_DATA SEGMENT_:
⁂
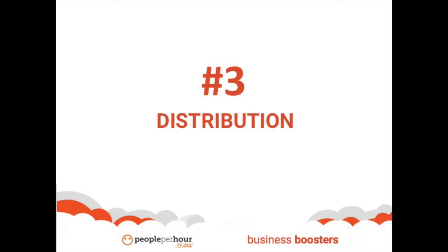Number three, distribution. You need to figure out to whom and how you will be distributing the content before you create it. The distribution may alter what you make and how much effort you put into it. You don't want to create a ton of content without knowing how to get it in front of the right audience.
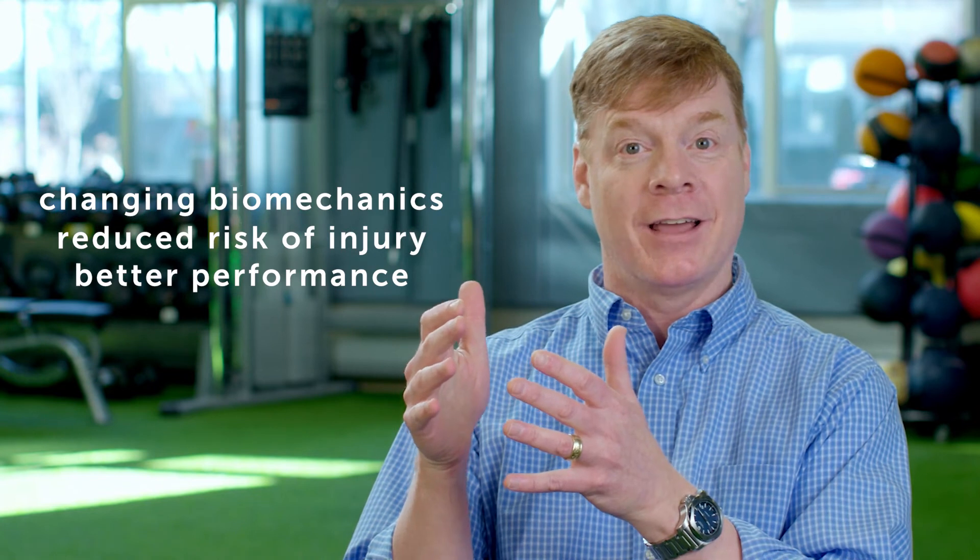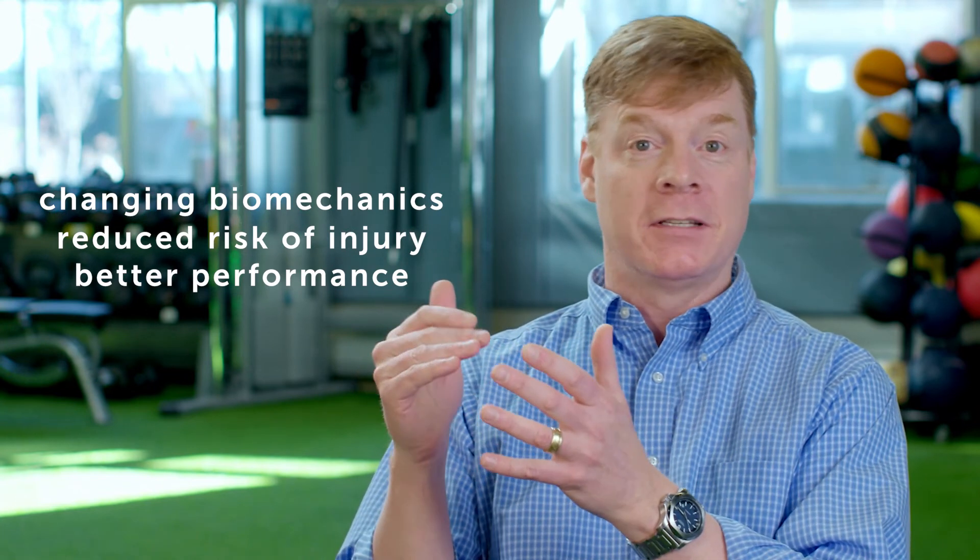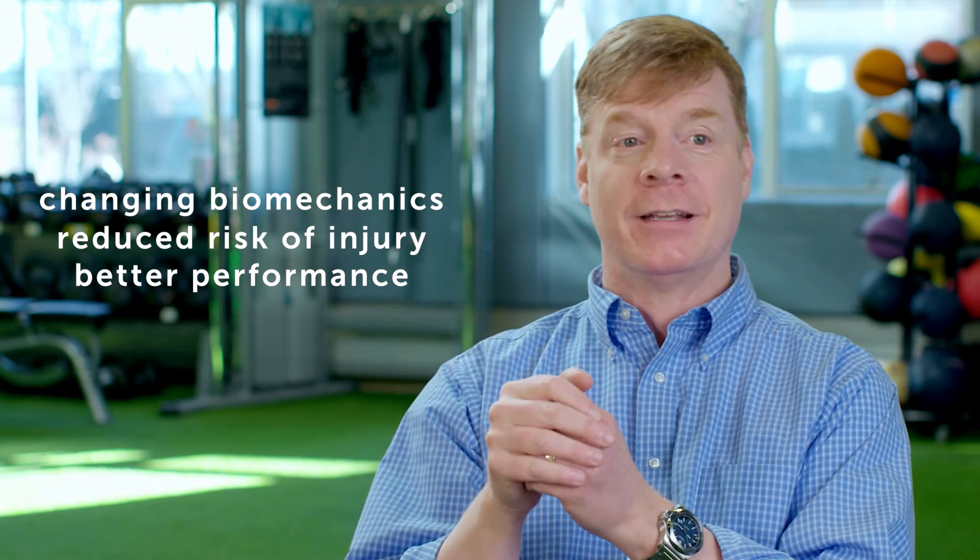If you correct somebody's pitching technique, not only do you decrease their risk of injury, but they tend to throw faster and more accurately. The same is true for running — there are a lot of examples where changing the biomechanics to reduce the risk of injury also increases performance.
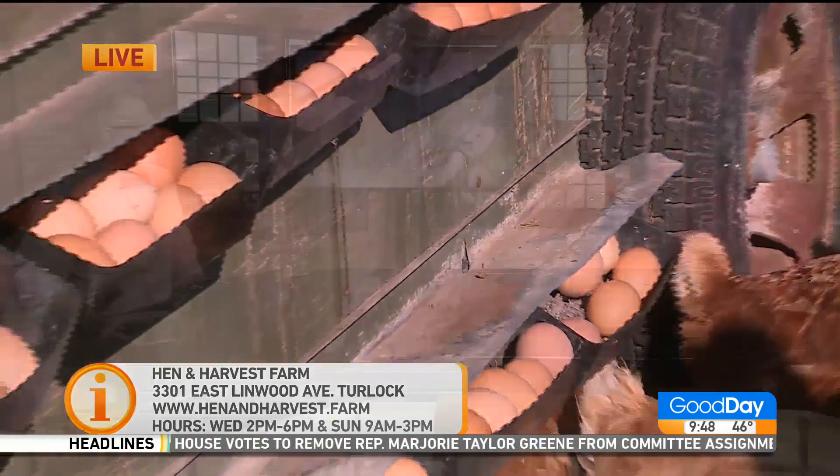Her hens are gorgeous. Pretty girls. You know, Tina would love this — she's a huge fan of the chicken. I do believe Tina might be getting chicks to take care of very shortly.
⁂
_WORK REQUIRED_: In your reply, every line of the material should appear exactly as written, and no picture should.

_REPLY TO THE EXERCISE_:
Number three, distribution. You need to figure out to whom and how you will be distributing the content before you create it. The distribution may alter what you make and how much effort you put into it. You don't want to create a ton of content without knowing how to get it in front of the right audience.
If you correct somebody's pitching technique, not only do you decrease their risk of injury, but they tend to throw faster and more accurately. The same is true for running — there are a lot of examples where changing the biomechanics to reduce the risk of injury also increases performance.
Her hens are gorgeous. Pretty girls. You know, Tina would love this — she's a huge fan of the chicken. I do believe Tina might be getting chicks to take care of very shortly.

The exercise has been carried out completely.